- Yield spread between 10- and 30-year bunds narrows this week
- This is a sign the market expects ECB to expand stimulus: DZ
Government-bond bulls are keeping their expectations high before the European Central Bank’s meeting this week.
Investors have strengthened bets that yields on longer-dated securities will fall relative to those on shorter-term debt in the past three days. The so-called bull-flattening of the yield curve is fueled by speculation policy makers will step up their asset-purchase program or adjust its rules to ease a perceived scarcity of bonds available to buy.
With the ECB’s current rules for quantitative easing excluding much of the shortest-dated debt from purchases, investors are building up positions in longer-term, higher-yielding securities as the Governing Council prepares to announce its latest policy decision on Thursday.
“In recent days, the yield curve is becoming increasingly flatter -- that’s a sign that the market expects the ECB will come up with some measures,” said Christian Reicherter, an analyst at DZ Bank AG in Frankfurt. “We think they will extend the asset-purchase program from at least March next year, and possibly do minor tweaks.”
He said market participants are disappointed about a scarcity of bonds to buy.
The yield difference, or spread, between German 10- and 30-year bunds narrowed two basis points, or 0.02 percentage point, to 53 basis points as of 5 p.m. in London, the lowest level this month on a closing-market basis. The spread is still wider than this year’s narrowest close of 45 basis points on Aug. 1.
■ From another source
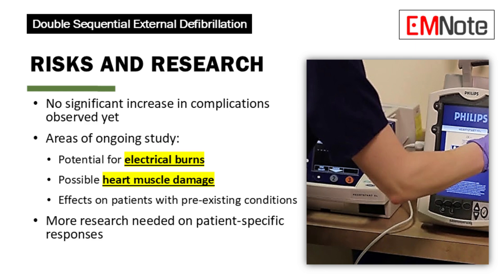While studies haven't shown a significant increase in complications with double sequential external defibrillation compared to standard defibrillation, researchers are actively studying potential risks, including electrical burns due to the higher energy delivered, potential damage to heart muscle, and possible different responses in patients with underlying heart conditions or implanted devices. More research is needed to fully understand these risks and identify any patient populations for whom double sequential external defibrillation might be riskier or less effective.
Most economists surveyed by Bloomberg predict the ECB will extend QE before year-end, given that regional inflation remains well below the central bank’s goal of close to 2 percent. A majority also expect policy makers to change the parameters of the program to avoid a potential shortage of securities as more bonds fall below the deposit rate of minus 0.4 percent, making them ineligible for purchase.
Even with speculation the ECB will tweak QE, some investors remain reluctant to buy at such low yields. When Germany sold 10-year securities at a record-low yield of minus 0.11 percent Wednesday, investors bid for 3.95 billion euros ($4.4 billion) of the securities, compared with a sales target of 5 billion euros.
Previous sales in June and July “were not too well bid either, but the degree of underbidding was highest at today’s auction,” said Marius Daheim, a senior rates strategist at SEB AB in Frankfurt.